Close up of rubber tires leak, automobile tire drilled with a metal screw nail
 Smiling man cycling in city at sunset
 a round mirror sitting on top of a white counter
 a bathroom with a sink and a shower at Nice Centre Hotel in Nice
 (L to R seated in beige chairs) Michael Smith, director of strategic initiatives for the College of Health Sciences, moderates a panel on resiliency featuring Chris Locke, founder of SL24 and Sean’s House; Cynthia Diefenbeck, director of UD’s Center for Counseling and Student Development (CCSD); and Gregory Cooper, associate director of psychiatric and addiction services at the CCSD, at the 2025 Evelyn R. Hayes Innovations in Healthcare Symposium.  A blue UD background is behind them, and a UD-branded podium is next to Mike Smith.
▬▬▬
What is being asked:
What you output must be the lines from the opening of the material above up to and including the line with "a bathroom with", reproduced exactly.

Response to this task:
Close up of rubber tires leak, automobile tire drilled with a metal screw nail
 Smiling man cycling in city at sunset
 a round mirror sitting on top of a white counter
 a bathroom with a sink and a shower at Nice Centre Hotel in Nice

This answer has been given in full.